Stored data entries
= = =

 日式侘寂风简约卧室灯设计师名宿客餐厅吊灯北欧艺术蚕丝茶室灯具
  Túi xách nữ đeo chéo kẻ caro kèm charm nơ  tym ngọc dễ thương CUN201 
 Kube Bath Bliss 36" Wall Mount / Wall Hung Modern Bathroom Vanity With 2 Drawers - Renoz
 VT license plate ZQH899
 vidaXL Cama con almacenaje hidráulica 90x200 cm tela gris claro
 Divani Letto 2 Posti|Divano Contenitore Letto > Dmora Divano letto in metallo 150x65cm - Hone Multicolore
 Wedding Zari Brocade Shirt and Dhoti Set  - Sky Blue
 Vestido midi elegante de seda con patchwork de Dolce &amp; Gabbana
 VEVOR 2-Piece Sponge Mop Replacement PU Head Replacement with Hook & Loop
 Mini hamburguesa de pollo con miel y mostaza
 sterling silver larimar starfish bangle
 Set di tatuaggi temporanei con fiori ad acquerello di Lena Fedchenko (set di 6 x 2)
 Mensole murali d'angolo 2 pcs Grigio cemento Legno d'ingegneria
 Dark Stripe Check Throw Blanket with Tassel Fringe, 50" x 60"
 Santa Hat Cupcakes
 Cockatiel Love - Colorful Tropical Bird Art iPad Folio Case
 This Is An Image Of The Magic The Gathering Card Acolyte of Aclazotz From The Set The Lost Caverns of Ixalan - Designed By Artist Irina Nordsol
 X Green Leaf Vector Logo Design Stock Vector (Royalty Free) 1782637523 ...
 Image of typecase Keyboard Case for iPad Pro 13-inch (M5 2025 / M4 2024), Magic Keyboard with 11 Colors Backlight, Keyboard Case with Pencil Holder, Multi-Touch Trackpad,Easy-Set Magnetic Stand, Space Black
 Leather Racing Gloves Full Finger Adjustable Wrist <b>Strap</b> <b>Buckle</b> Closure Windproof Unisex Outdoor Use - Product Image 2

= = =

Task description:
Copy out, exactly and alone, the lines of the entries above between the ones holding "Set di tatuaggi" and "X Green Leaf", inclusive.

Answer space:
 Set di tatuaggi temporanei con fiori ad acquerello di Lena Fedchenko (set di 6 x 2)
 Mensole murali d'angolo 2 pcs Grigio cemento Legno d'ingegneria
 Dark Stripe Check Throw Blanket with Tassel Fringe, 50" x 60"
 Santa Hat Cupcakes
 Cockatiel Love - Colorful Tropical Bird Art iPad Folio Case
 This Is An Image Of The Magic The Gathering Card Acolyte of Aclazotz From The Set The Lost Caverns of Ixalan - Designed By Artist Irina Nordsol
 X Green Leaf Vector Logo Design Stock Vector (Royalty Free) 1782637523 ...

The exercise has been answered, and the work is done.